Rate deregulation has long been a point of contention in Florida where carriers have argued the ratemaking process is an unduly burdensome system that provides a disincentive to do business in the state. Under state law, rate changes fall under a “file and use” or “use and file” method. Under file and use, the company must submit a rate filing at least 90 days before implementing the rate and first receive OIR approval. Under use and file, a company can implement a rate increase, but within 30 days make a rate filing with the OIR. If regulators find the rate excessive, the company must refund that portion of the rate change to the policyholders. Company’s charge that since regulators often turn down rate requests that result in settlements, it negates the use and file provision in the law.
OIR officials say typically most rate filings are handled within a 60 to 90-day window unless there are disputes, which in some cases can take years to resolve. Under state law, a rate is declared sufficient if it is not “excessive, arbitrary, or unfairly discriminatory.”
Lawmakers have turned back previous efforts at rate deregulation, which has forced insurers to drop broad calls for deregulation and instead focus on isolated markets. Last year, Florida enacted a law that allows insurers to sell commercial motor vehicle insurance on fleets on 20 or more vehicles without obtaining prior OIR approval. The rationale behind the change was that a market was available for the product and that the buyers would consist of large employers sophisticated enough to understand and negotiate for the coverage.

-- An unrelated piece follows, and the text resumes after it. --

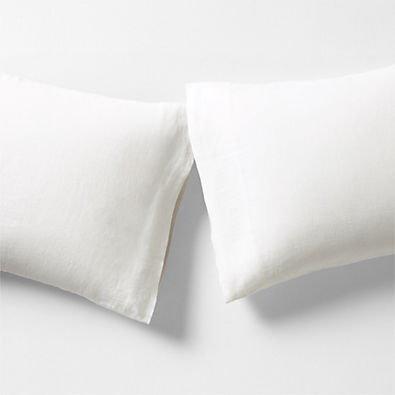 View Aire Natural European Linen Crisp White King Pillowcases, Set of 2 details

Now the industry is back before lawmakers seeking to expand upon that change by broadening the scope of deregulated products in other commercial lines. Specifically, the bill would extend the motor vehicle rate exemption to fleets with less than 20 vehicles. It would also exempt errors and omission professional liability insurance, fiduciary and management liability, general liability, non-residential property and multi-peril coverage and excess property coverage
Senator Steve Oelrich (R-Gainesville) said the bill would spur competition and be more responsive to both the market and policyholders. “It gives insurers the ability to be on the feet and move as the market dictates and if that means lower rates it will benefit businesses sooner,” he said.
Some lawmakers, however, questioned whether the rating law would give carriers the upper hand when dealing with consumers. They also questioned whether the bill would lead to a spate of rate increases across the board.
OIR official Belinda Miller said that although the commercial market remains competitive, there are signs it is tightening. “The commercial market is turning,” she said. “We expect to see increases whether this bill is passed or not.”
Oelrich said that since the market is competitive there is little incentive for companies to treat consumers unfairly. He also said the bill leaves intact the OIR’s ability to sign-off on forms and conduct market exams to determine whether a company has the resources to pay claims. A company would also have to notify OIR of any rate change within 30 days.
Gerald Wester, representing the American Insurance Association, told lawmakers the commercial market has proven itself by weathering hurricane and other losses without needing a subsidy or bailout mechanism. He said the bill represented a step forward without putting the market or consumers at risk. “The marketplace should be allowed to work,” he said. “This bill would put us in lines with other states. It narrowly drawn and not complete rate deregulation.”
In addition to deregulating the commercial rates, the bill would also reduce the recordkeeping requirements on companies. The bill would require companies to keep actuarial data supporting the rate change for at least two years. However, they would no longer be required to keep underwriting files, premium, losses, and expense statistics.